[Input for this task Boundary: Start]

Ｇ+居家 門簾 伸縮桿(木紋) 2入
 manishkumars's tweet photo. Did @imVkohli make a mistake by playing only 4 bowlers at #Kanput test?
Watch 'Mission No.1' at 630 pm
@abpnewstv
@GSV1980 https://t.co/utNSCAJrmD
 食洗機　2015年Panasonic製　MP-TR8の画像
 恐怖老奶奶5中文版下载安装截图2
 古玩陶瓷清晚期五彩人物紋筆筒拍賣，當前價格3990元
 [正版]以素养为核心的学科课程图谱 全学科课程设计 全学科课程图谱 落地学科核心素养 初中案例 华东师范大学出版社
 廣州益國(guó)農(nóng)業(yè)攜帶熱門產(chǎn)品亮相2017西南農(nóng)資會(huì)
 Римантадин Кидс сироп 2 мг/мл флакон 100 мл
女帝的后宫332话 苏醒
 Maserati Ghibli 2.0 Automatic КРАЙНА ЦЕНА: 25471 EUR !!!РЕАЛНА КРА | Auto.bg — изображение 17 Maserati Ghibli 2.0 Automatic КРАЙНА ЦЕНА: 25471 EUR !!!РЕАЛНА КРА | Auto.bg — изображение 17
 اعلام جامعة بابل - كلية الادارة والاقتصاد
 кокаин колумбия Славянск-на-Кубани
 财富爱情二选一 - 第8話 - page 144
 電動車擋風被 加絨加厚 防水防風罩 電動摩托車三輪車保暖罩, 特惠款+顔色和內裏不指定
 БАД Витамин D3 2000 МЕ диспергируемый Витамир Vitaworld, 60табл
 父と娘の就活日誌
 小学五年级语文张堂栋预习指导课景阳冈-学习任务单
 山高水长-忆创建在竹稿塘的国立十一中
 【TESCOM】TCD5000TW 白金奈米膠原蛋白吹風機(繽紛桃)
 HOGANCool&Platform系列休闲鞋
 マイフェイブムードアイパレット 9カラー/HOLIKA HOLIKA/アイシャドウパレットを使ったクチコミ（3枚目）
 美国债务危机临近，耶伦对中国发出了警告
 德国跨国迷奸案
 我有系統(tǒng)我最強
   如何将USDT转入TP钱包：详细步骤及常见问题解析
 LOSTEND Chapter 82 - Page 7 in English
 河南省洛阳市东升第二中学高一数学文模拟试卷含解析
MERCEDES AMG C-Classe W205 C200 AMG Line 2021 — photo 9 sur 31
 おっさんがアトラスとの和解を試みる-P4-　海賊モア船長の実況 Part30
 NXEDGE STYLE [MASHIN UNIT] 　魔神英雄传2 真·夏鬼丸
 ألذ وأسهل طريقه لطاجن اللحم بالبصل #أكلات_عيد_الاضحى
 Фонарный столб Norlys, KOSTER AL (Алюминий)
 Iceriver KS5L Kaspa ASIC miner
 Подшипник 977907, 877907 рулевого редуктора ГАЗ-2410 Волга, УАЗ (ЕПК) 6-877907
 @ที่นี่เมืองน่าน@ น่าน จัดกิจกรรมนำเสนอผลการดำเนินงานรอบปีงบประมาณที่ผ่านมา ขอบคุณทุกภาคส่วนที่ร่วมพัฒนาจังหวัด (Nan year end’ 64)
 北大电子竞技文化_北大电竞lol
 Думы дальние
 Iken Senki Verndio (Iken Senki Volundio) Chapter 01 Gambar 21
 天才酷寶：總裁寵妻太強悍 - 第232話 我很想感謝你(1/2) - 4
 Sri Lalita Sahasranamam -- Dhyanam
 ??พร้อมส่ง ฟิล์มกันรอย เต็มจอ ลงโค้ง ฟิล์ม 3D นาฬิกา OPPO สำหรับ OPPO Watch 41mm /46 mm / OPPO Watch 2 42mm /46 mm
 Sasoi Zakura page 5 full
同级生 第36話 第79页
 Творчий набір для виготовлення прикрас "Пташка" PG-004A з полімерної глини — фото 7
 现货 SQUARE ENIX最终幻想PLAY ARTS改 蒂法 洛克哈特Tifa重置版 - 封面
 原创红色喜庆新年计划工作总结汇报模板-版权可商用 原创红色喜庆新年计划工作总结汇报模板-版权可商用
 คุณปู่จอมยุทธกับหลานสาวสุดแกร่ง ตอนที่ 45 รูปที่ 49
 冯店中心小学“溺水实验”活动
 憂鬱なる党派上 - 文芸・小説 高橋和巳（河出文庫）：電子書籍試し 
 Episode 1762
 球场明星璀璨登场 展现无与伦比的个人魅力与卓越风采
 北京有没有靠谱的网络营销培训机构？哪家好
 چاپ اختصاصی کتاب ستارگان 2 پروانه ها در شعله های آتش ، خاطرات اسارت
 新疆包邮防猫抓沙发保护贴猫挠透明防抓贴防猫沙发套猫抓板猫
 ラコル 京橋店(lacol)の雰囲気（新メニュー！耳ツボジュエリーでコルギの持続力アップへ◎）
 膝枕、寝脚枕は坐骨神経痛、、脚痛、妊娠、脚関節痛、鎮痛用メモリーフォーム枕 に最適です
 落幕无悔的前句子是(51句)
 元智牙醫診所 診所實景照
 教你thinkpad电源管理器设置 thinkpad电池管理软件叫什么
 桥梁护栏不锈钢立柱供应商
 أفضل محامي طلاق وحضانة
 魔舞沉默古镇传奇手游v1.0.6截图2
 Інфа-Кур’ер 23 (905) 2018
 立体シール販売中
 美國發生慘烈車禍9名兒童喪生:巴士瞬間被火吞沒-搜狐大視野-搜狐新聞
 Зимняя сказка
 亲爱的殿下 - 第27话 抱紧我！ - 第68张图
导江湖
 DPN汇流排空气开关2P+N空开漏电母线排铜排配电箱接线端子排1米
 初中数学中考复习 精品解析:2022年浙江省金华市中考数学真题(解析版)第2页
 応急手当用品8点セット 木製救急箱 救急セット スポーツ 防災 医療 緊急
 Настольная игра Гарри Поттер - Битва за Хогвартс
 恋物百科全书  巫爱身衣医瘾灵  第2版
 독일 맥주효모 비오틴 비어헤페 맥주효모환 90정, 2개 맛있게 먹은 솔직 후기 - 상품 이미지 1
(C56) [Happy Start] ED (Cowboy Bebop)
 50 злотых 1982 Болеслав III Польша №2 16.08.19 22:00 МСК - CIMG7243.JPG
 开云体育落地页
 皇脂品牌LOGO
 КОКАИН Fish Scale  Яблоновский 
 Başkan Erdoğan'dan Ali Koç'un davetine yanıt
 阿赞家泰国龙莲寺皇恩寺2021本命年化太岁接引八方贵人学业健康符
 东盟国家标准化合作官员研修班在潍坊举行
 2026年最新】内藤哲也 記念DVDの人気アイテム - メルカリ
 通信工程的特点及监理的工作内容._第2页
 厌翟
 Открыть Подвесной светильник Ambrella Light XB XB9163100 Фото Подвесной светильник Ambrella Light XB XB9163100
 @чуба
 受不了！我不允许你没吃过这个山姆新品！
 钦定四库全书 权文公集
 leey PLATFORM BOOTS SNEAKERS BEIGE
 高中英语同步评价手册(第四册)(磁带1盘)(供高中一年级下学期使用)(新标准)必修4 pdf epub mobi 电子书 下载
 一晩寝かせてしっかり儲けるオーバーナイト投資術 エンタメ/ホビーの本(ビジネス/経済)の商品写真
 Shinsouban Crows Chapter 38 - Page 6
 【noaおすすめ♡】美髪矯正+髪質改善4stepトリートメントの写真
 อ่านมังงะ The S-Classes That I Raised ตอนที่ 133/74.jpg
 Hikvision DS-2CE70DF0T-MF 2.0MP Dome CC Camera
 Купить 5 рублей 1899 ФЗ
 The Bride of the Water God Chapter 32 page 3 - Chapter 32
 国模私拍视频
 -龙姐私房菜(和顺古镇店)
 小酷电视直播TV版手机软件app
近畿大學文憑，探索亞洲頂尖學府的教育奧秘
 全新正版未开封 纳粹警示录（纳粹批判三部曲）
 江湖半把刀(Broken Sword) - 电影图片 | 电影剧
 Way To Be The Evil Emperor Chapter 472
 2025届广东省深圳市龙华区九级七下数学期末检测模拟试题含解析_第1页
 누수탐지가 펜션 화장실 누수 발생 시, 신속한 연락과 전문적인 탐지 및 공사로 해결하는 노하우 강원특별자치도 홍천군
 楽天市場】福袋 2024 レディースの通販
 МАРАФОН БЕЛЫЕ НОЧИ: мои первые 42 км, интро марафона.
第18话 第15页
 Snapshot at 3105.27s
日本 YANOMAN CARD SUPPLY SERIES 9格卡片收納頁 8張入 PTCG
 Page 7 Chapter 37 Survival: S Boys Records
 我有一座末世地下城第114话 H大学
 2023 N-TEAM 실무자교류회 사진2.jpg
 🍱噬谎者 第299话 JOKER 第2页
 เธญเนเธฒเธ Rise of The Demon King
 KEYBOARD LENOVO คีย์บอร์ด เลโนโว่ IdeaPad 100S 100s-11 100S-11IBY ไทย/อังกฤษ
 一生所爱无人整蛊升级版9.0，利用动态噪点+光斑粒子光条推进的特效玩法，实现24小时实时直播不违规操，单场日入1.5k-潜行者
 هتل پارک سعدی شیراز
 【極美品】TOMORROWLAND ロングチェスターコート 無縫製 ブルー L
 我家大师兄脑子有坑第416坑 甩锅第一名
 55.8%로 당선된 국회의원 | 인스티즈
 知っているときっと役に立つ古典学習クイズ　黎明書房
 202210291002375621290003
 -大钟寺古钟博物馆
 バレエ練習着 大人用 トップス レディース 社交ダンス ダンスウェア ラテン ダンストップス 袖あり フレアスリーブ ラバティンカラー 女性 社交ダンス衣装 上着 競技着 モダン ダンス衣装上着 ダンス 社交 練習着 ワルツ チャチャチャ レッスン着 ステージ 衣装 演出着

[Input for this task Boundary: End]

## What you are asked to do
With the first line being the one containing "北京有没有靠谱的网络营销培训机构？哪家好" and the last line the one containing "هتل پارک سعدی شیراز", transcribe exactly the lines above that fall in that range.

## Result for this task
 北京有没有靠谱的网络营销培训机构？哪家好
 چاپ اختصاصی کتاب ستارگان 2 پروانه ها در شعله های آتش ، خاطرات اسارت
 新疆包邮防猫抓沙发保护贴猫挠透明防抓贴防猫沙发套猫抓板猫
 ラコル 京橋店(lacol)の雰囲気（新メニュー！耳ツボジュエリーでコルギの持続力アップへ◎）
 膝枕、寝脚枕は坐骨神経痛、、脚痛、妊娠、脚関節痛、鎮痛用メモリーフォーム枕 に最適です
 落幕无悔的前句子是(51句)
 元智牙醫診所 診所實景照
 教你thinkpad电源管理器设置 thinkpad电池管理软件叫什么
 桥梁护栏不锈钢立柱供应商
 أفضل محامي طلاق وحضانة
 魔舞沉默古镇传奇手游v1.0.6截图2
 Інфа-Кур’ер 23 (905) 2018
 立体シール販売中
 美國發生慘烈車禍9名兒童喪生:巴士瞬間被火吞沒-搜狐大視野-搜狐新聞
 Зимняя сказка
 亲爱的殿下 - 第27话 抱紧我！ - 第68张图
导江湖
 DPN汇流排空气开关2P+N空开漏电母线排铜排配电箱接线端子排1米
 初中数学中考复习 精品解析:2022年浙江省金华市中考数学真题(解析版)第2页
 応急手当用品8点セット 木製救急箱 救急セット スポーツ 防災 医療 緊急
 Настольная игра Гарри Поттер - Битва за Хогвартс
 恋物百科全书  巫爱身衣医瘾灵  第2版
 독일 맥주효모 비오틴 비어헤페 맥주효모환 90정, 2개 맛있게 먹은 솔직 후기 - 상품 이미지 1
(C56) [Happy Start] ED (Cowboy Bebop)
 50 злотых 1982 Болеслав III Польша №2 16.08.19 22:00 МСК - CIMG7243.JPG
 开云体育落地页
 皇脂品牌LOGO
 КОКАИН Fish Scale  Яблоновский 
 Başkan Erdoğan'dan Ali Koç'un davetine yanıt
 阿赞家泰国龙莲寺皇恩寺2021本命年化太岁接引八方贵人学业健康符
 东盟国家标准化合作官员研修班在潍坊举行
 2026年最新】内藤哲也 記念DVDの人気アイテム - メルカリ
 通信工程的特点及监理的工作内容._第2页
 厌翟
 Открыть Подвесной светильник Ambrella Light XB XB9163100 Фото Подвесной светильник Ambrella Light XB XB9163100
 @чуба
 受不了！我不允许你没吃过这个山姆新品！
 钦定四库全书 权文公集
 leey PLATFORM BOOTS SNEAKERS BEIGE
 高中英语同步评价手册(第四册)(磁带1盘)(供高中一年级下学期使用)(新标准)必修4 pdf epub mobi 电子书 下载
 一晩寝かせてしっかり儲けるオーバーナイト投資術 エンタメ/ホビーの本(ビジネス/経済)の商品写真
 Shinsouban Crows Chapter 38 - Page 6
 【noaおすすめ♡】美髪矯正+髪質改善4stepトリートメントの写真
 อ่านมังงะ The S-Classes That I Raised ตอนที่ 133/74.jpg
 Hikvision DS-2CE70DF0T-MF 2.0MP Dome CC Camera
 Купить 5 рублей 1899 ФЗ
 The Bride of the Water God Chapter 32 page 3 - Chapter 32
 国模私拍视频
 -龙姐私房菜(和顺古镇店)
 小酷电视直播TV版手机软件app
近畿大學文憑，探索亞洲頂尖學府的教育奧秘
 全新正版未开封 纳粹警示录（纳粹批判三部曲）
 江湖半把刀(Broken Sword) - 电影图片 | 电影剧
 Way To Be The Evil Emperor Chapter 472
 2025届广东省深圳市龙华区九级七下数学期末检测模拟试题含解析_第1页
 누수탐지가 펜션 화장실 누수 발생 시, 신속한 연락과 전문적인 탐지 및 공사로 해결하는 노하우 강원특별자치도 홍천군
 楽天市場】福袋 2024 レディースの通販
 МАРАФОН БЕЛЫЕ НОЧИ: мои первые 42 км, интро марафона.
第18话 第15页
 Snapshot at 3105.27s
日本 YANOMAN CARD SUPPLY SERIES 9格卡片收納頁 8張入 PTCG
 Page 7 Chapter 37 Survival: S Boys Records
 我有一座末世地下城第114话 H大学
 2023 N-TEAM 실무자교류회 사진2.jpg
 🍱噬谎者 第299话 JOKER 第2页
 เธญเนเธฒเธ Rise of The Demon King
 KEYBOARD LENOVO คีย์บอร์ด เลโนโว่ IdeaPad 100S 100s-11 100S-11IBY ไทย/อังกฤษ
 一生所爱无人整蛊升级版9.0，利用动态噪点+光斑粒子光条推进的特效玩法，实现24小时实时直播不违规操，单场日入1.5k-潜行者
 هتل پارک سعدی شیراز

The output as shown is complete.